Minimalism and Observability in a Small Rust Service

How small can the infrastructure be while still keeping enough visibility to operate it?

· 1116 words · 6 minute read

psst-rs is a small secret-sharing service written in Rust.

The security model is intentionally simple: the secret is encrypted in the browser, the server only stores the ciphertext and nonce, and the decryption key stays in the URL fragment.

Rust was part of the design choice. I wanted a small service that could run as a single binary, with low memory usage and as little operational overhead as possible.

That led to a more practical question: how small can the infrastructure be while still giving me enough visibility to understand what is happening when the service is running? Designing for small infrastructure

For psst-rs, minimalism was not only an implementation detail. It was part of the architecture.

I wanted the software and the infrastructure to be designed together. The application is a single Rust binary. The host runs Alpine Linux. The VM is deliberately small.

The service runs on a Scaleway STARDUST1-S instance: 1 shared vCPU, 1 GB of RAM, and a 100 Mbps network interface. With a small disk and no public IPv4 address, the monthly infrastructure cost stays below 1€.

What I find interesting is how relative “small” is.

A machine with 1 GB of RAM sounds tiny by today’s cloud standards. But for a small service written with resource usage in mind, that is still a lot of memory. We often treat this kind of machine as too small before looking at what the workload actually needs.

Of course, the comparison has limits. Modern systems do more, security expectations are higher, TLS is everywhere, monitoring matters, and the software supply chain is heavier.

But it is still a useful reminder.

If the application is small enough, a tiny VM does not have to be a constraint immediately. It can be a design target.

After deploying psst-rs, the Rust process used very little memory, and the VM still had most of its RAM and CPU available. That remaining headroom is not just wasted capacity. It gives the service a safety margin, and it leaves room for the observability layer: Node Exporter, Caddy metrics, and Grafana Alloy.

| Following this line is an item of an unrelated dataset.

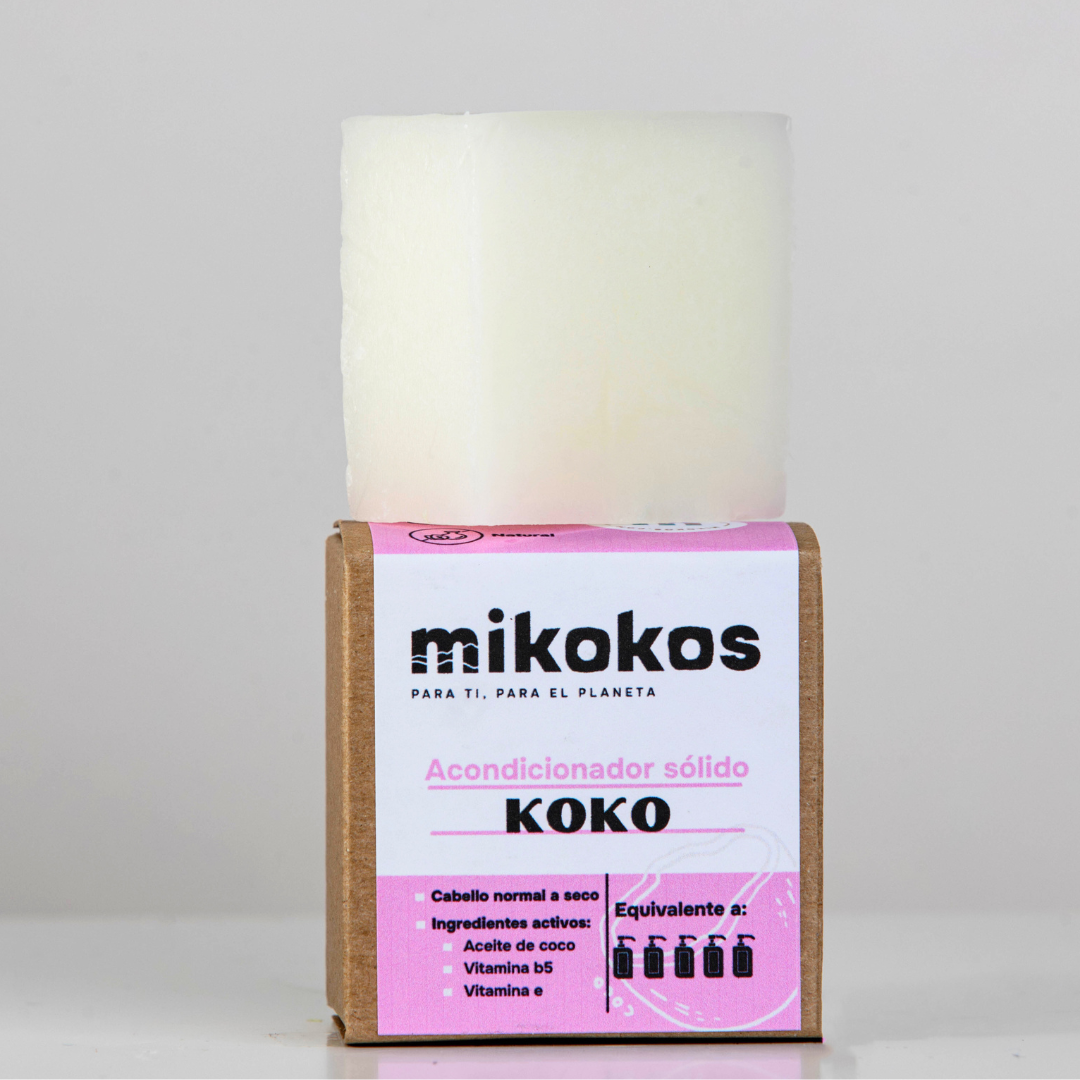 Scalpi & Hydration Bundle: Acondicionador Koko + Scalpi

The observability budget 🔗

For this project, minimalism did not mean running only the application and hoping for the best.

Without observability, the service would just be a black box. It could be cheap, small, and elegant on paper, but I would not know whether it was healthy, under pressure, or failing in boring ways.

So I treated observability as part of the resource budget from the start.

On a VM this small, that matters because the Rust application itself is not the main resource cost center. The observability stack is: Node Exporter, Caddy metrics, Grafana Alloy, and the application metrics endpoint all take part of the available CPU and memory.

If something consumes resources on a VM this small, I want to know why it is there. In this case, the answer is simple: without it, I would be operating blind.

Three Prometheus endpoints 🔗

The setup uses three Prometheus endpoints.

The first one is the node exporter. It gives host-level metrics such as CPU usage, memory usage, disk usage and general VM health. This answers the basic saturation question: is the tiny machine still comfortable, or is it starting to become the bottleneck?

The second one is Caddy. Since Caddy is the reverse proxy in front of the Rust application, it provides the HTTP view of the service: traffic, status codes, errors and proxy-level behavior. This is useful because some of the most interesting signals are at the edge.

The third one is the application itself. psst-rs exposes Prometheus metrics for the domain-specific parts of the service: created secrets, read secrets, expired secrets, deleted secrets, active secrets, etc.

Infrastructure metrics tell me whether the VM has enough room. HTTP metrics tell me how traffic reaches the service. Application metrics show me how the service is actually being used.

Shipping metrics without hosting the platform 🔗

I use Grafana Alloy to collect the metrics and send them to Grafana Cloud on the free tier.

The compromise is deliberate. An alternative would have been to host the monitoring stack myself, probably on a separate machine reachable over Tailscale. That would keep everything under my control, but it would also add another VM to provision, secure, monitor and maintain.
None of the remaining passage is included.